6 According to their feedings they are satiated, They have been satiated, And their heart is lifted up, Therefore they have forgotten Me,

Cross Reference

Deuteronomy 32:13-15 YLT

He maketh him ride on high places of earth, And he eateth increase of the fields, And He maketh him suck honey from a rock, And oil out of the flint of a rock; Butter of the herd, and milk of the flock, With fat of lambs, and rams, sons of Bashan, And he-goats, with fat of kidneys of wheat; And of the blood of the grape thou dost drink wine! And Jeshurun waxeth fat, and doth kick: Thou hast been fat -- thou hast been thick, Thou hast been covered. And he leaveth God who made him, And dishonoureth the Rock of his salvation.

Deuteronomy 6:10-12 YLT

`And it hath been, when Jehovah thy God doth bring thee in unto the land which He hath sworn to thy fathers, to Abraham, to Isaac, and to Jacob, to give to thee -- cities great and good, which thou hast not built, and houses full of all good things which thou hast not filled, and wells digged which thou hast not digged, vineyards and olive-yards which thou hast not planted, and thou hast eaten, and been satisfied; `Take heed to thyself lest thou forget Jehovah who hath brought thee out of the land of Egypt, out of a house of servants;

Deuteronomy 8:12-14 YLT

lest thou eat, and hast been satisfied, and good houses dost build, and hast inhabited; and thy herd and thy flock be multiplied, and silver and gold be multiplied to thee; and all that is thine be multiplied: `And thy heart hath been high, and thou hast forgotten Jehovah thy God (who is bringing thee out of the land of Egypt, out of a house of servants;

Deuteronomy 32:18 YLT

The Rock that begat thee thou forgettest, And neglectest God who formeth thee.

Nehemiah 9:25-26 YLT

And they capture fenced cities, and fat ground, and possess houses full of all good, digged-wells, vineyards, and olive-yards, and fruit-trees in abundance, and they eat, and are satisfied, and become fat, and delight themselves in Thy great goodness. `And they are disobedient, and rebel against Thee, and cast Thy law behind their back, and Thy prophets they have slain, who testified against them, to bring them back unto Thee, and they do great despisings,

Nehemiah 9:35 YLT

and they, in their kingdom, and in Thine abundant goodness, that Thou hast given to them, and in the land, the large and the fat, that Thou hast set before them, have not served Thee, nor turned back from their evil doings.

Psalms 10:4 YLT

The wicked according to the height of his face, inquireth not. `God is not!' `are' all his devices.

Isaiah 17:10 YLT

Because thou hast forgotten the God of thy salvation, And the rock of thy strength hast not remembered, Therefore thou plantest plants of pleasantness, And with a strange slip sowest it,

Jeremiah 2:31-32 YLT

O generation, see ye the word of Jehovah: A wilderness have I been to Israel? A land of thick darkness? Wherefore have My people said, `We mourned, We come not in again unto Thee.' Doth a virgin forget her ornaments? A bride her bands? And My people have forgotten Me days without number.

Hosea 2:13 YLT

And I have charged on her the days of the Baalim, To whom she maketh perfume, And putteth on her ring and her ornament, And goeth after her lovers, And Me forgat -- an affirmation of Jehovah.

Hosea 8:4 YLT

They have made kings, and not by Me, They have made princes, and I have not known, Their silver and their gold they have made to them idols, So that they are cut off.

Hosea 10:1 YLT

`An empty vine `is' Israel, Fruit he maketh like to himself, According to the abundance of his fruit, He hath multiplied for the altars, According to the goodness of his land, They have made goodly standing-pillars.

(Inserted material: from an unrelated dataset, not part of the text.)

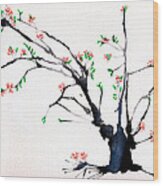 Cherry Tree By Straw Wood Print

Commentary on Hosea 13 Commentary Critical and Explanatory on the Whole Bible


CHAPTER 13

Ho 13:1-16. Ephraim's Sinful Ingratitude to God, and Its Fatal Consequence; God's Promise at Last.

This chapter and the fourteenth chapter probably belong to the troubled times that followed Pekah's murder by Hoshea (compare Ho 13:11; 2Ki 15:30). The subject is the idolatry of Ephraim, notwithstanding God's past benefits, destined to be his ruin.

1. When Ephraim spake trembling—rather, "When Ephraim (the tribe most powerful among the twelve in Israel's early history) spake (authoritatively) there was trembling"; all reverentially feared him [Jerome], (compare Job 29:8, 9, 21).

offended in Baal—that is, in respect to Baal, by worshipping him (1Ki 16:31), under Ahab; a more heinous offense than even the calves. Therefore it is at this climax of guilt that Ephraim "died." Sin has, in the sight of God, within itself the germ of death, though that death may not visibly take effect till long after. Compare Ro 7:9, "Sin revived, and I died." So Adam in the day of his sin was to die, though the sentence was not visibly executed till long after (Ge 2:17; 5:5). Israel is similarly represented as politically dead in Eze 37:1-28.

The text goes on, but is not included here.